The Master and Margarita - Mikhail Bulgakov
Bulgakov's wicked sense of political humor, twisted and yet ultimately quite evocative and devout Christianity, and self-reflexive explorations of what it means to be a man and a writer make him something of a more tortured and distinctly Russian Fellini of literature. Both were masters of playfulness deployed in the service of political and social critique, whether sly or brutal, and both obsessed over the grotesque. In The Master and Margarita, Professor Woland arrives in Moscow with his cronies, including a vodka-swilling, pistol-waving black cat and an angel of death, to put on a magic show and recruit a lovely young witch to host Satan's Grand Ball. The witch in question is Margarita, the grieving lover of a politically dissident novelist, the Master, whose novel about Pontius Pilate landed him in an insane asylum. This is a superlatively great book.
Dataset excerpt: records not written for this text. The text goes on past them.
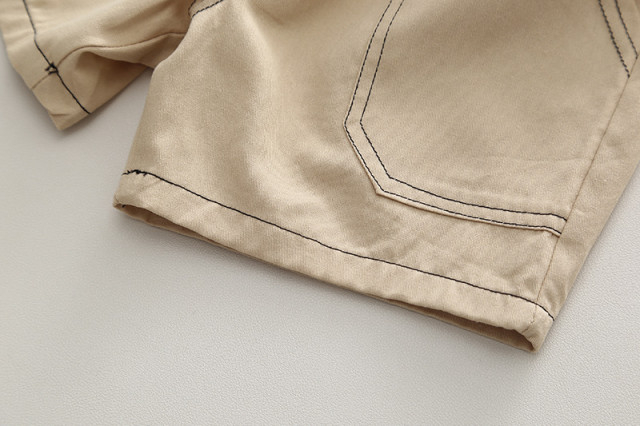 Costumas pentru baietei cu tricou tip polo in dungi verzi si ivoire [5]
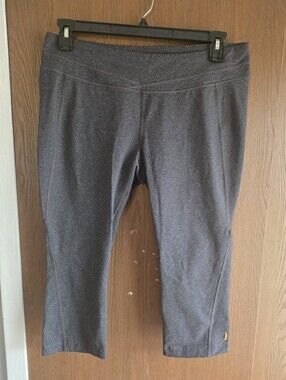 Lucy Dark Gray Heather Cropped Leggings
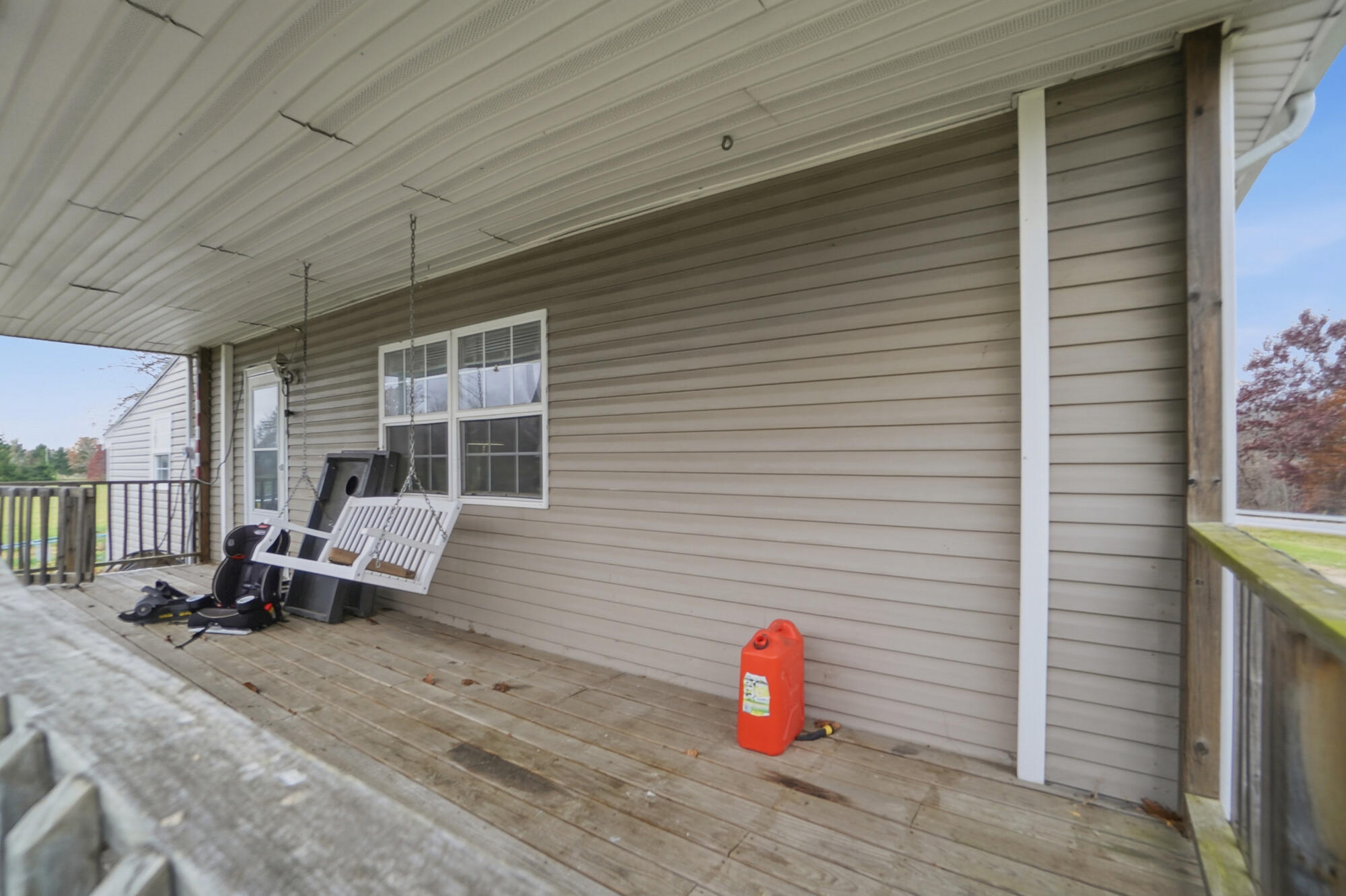 2327 N Phillips Road Property Photo 4
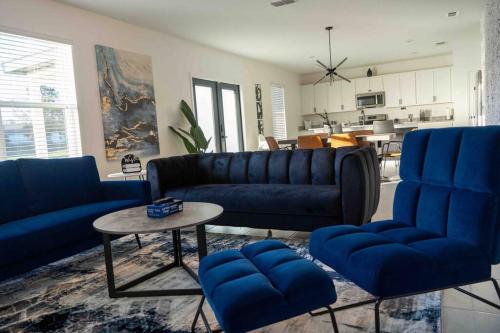 Aesthetic Escape just a drive away from Disney! in Zephyrhills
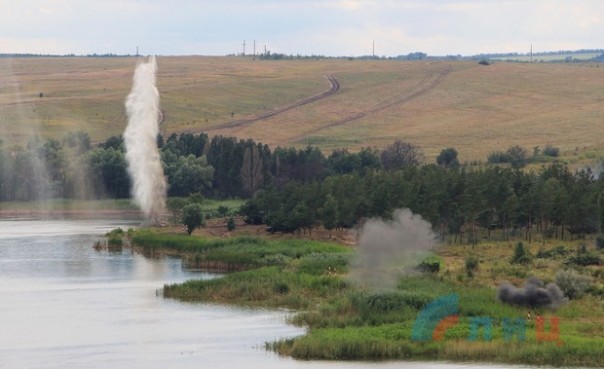 Сводка от НМ ЛНР 20 июля 2016 года. Масштабные учения Народной милиции по форсированию водных преград Сводка от НМ ЛНР 20 июля 2016 года. Масштабные учения Народной милиции по форсированию водных преград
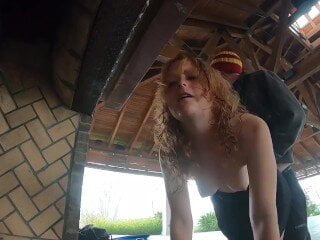 Freckled Redhead – Amateur Blowjob mit Sperma schlucken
The Adventures of Pinocchio - Carlo Collodi
Forget the Disney adaptation: The Adventures of Pinocchio is bizarre, creepy, riotously illogical, and nearly as terrifying as Struwwelpeter. In a sinuously plotted story that defies cause and effect and whose morality is both Manichean and constantly slipping sideways, Pinocchio isn't an innocent learning right and wrong; he's a nasty, stealing, selfish, unpleasant little brat who is not only the cause of his mother's death, but dies himself multiple times in gruesome ways, including being hanged. Despite the darkness and horror, Collodi's book has a robust, and distinctly Florentine, sense of humor. Add in its fascination with traveling performers, circuses, freaks, and overeating, and one must imagine this was one of Fellini's favorite books.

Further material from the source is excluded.